[Start of section]

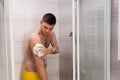 Man rubbing himself a foam sponge bath in shower cabin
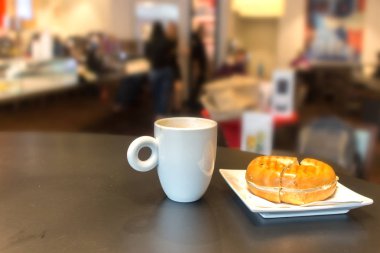 Kahveli bir kupa ve masada sandviç.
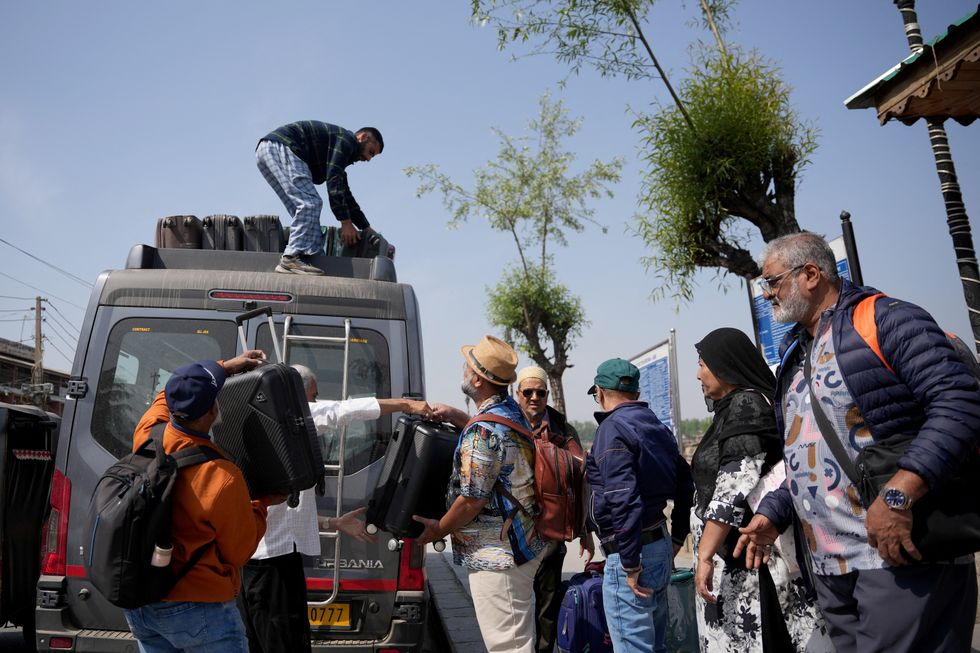 Tourists get their belongings loaded on a vehicle as they leave for Srinagar airport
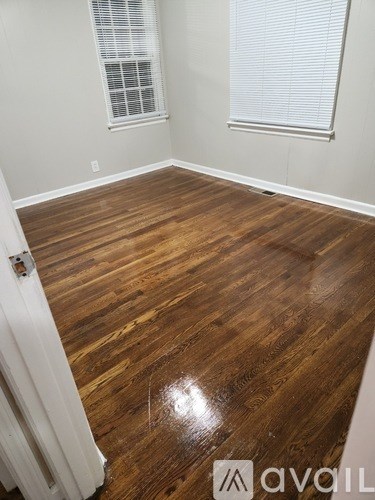 A room with wooden flooring and a white door.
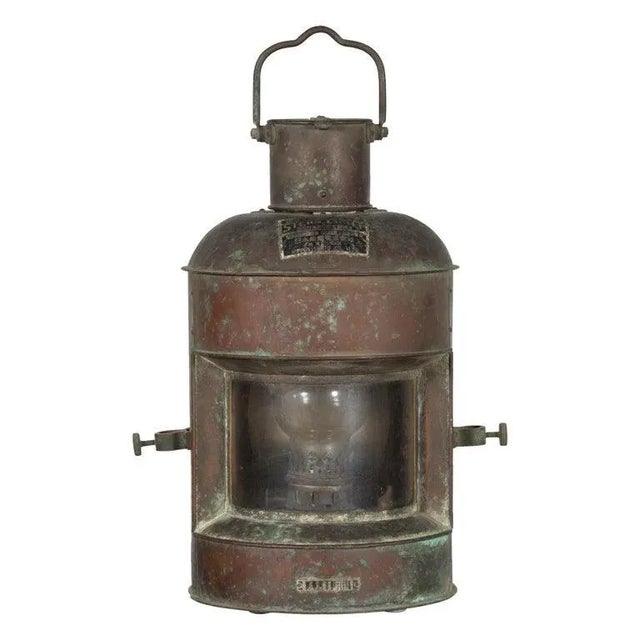 A Japanese metal ship's navigation stern light from the mid 20th century, made by Nippon Sento Co, ltd, with oxidized...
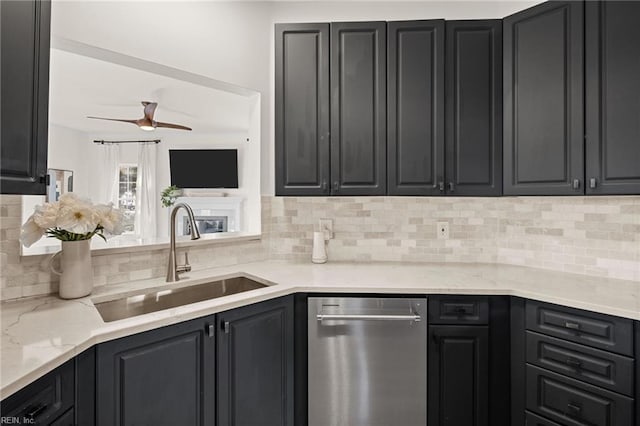 kitchen featuring ceiling fan, dishwasher, sink, light stone countertops, and tasteful backsplash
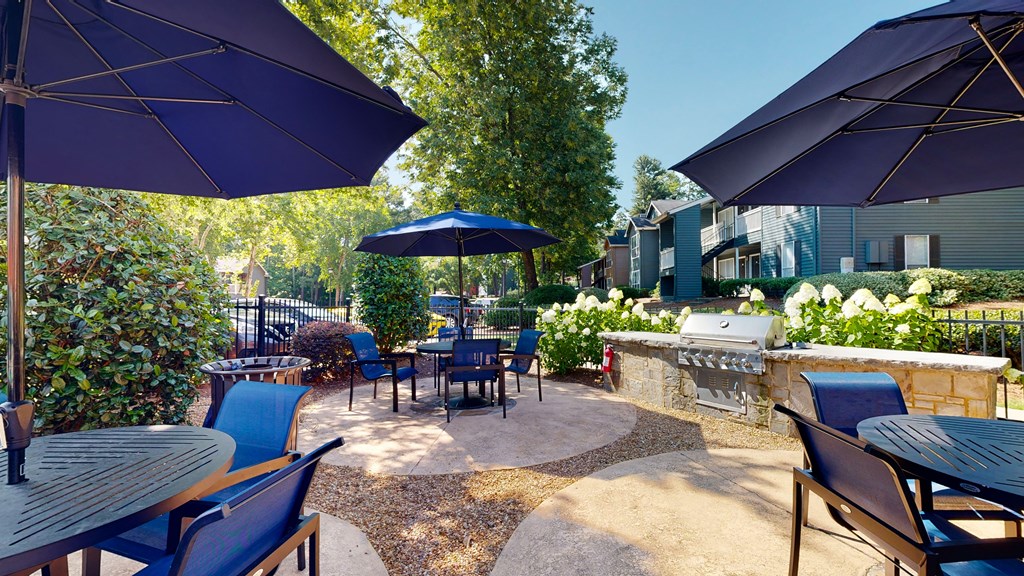 an outdoor patio with blue chairs and umbrellas at Breckinridge Vue, Georgia, 30096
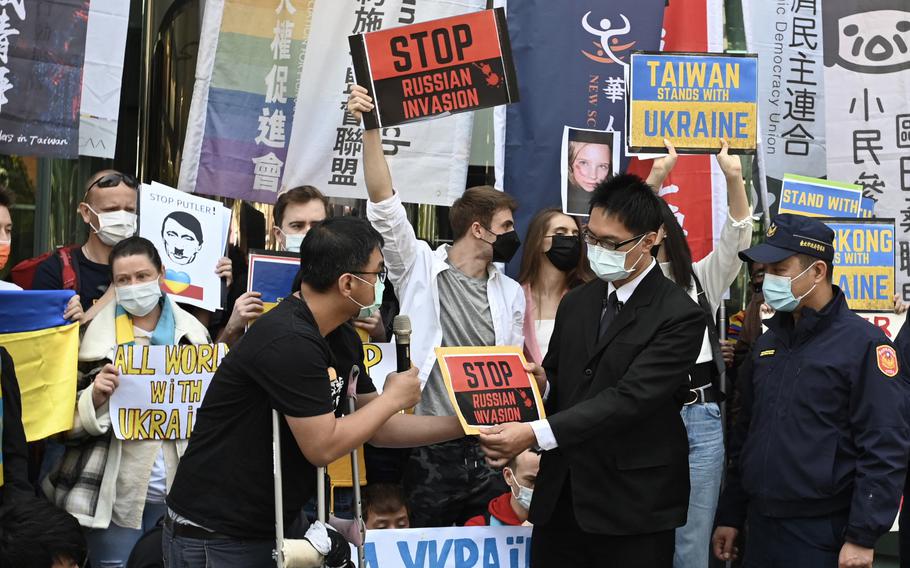 A staff member, center right, from the Russian representative office receives a protest sign from a demonstrator during a protest against Russia's invasion of Ukraine, outside the Russian representative office in Taipei, Taiwan, on March 1, 2022.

[End of section]

- What the exercise asks -
Starting with the line that holds "A Japanese metal", retype each line through the last one in the listing above, exactly as written. Do not copy any pictures.

- Solved exercise -
 A Japanese metal ship's navigation stern light from the mid 20th century, made by Nippon Sento Co, ltd, with oxidized...
 kitchen featuring ceiling fan, dishwasher, sink, light stone countertops, and tasteful backsplash
 an outdoor patio with blue chairs and umbrellas at Breckinridge Vue, Georgia, 30096
 A staff member, center right, from the Russian representative office receives a protest sign from a demonstrator during a protest against Russia's invasion of Ukraine, outside the Russian representative office in Taipei, Taiwan, on March 1, 2022.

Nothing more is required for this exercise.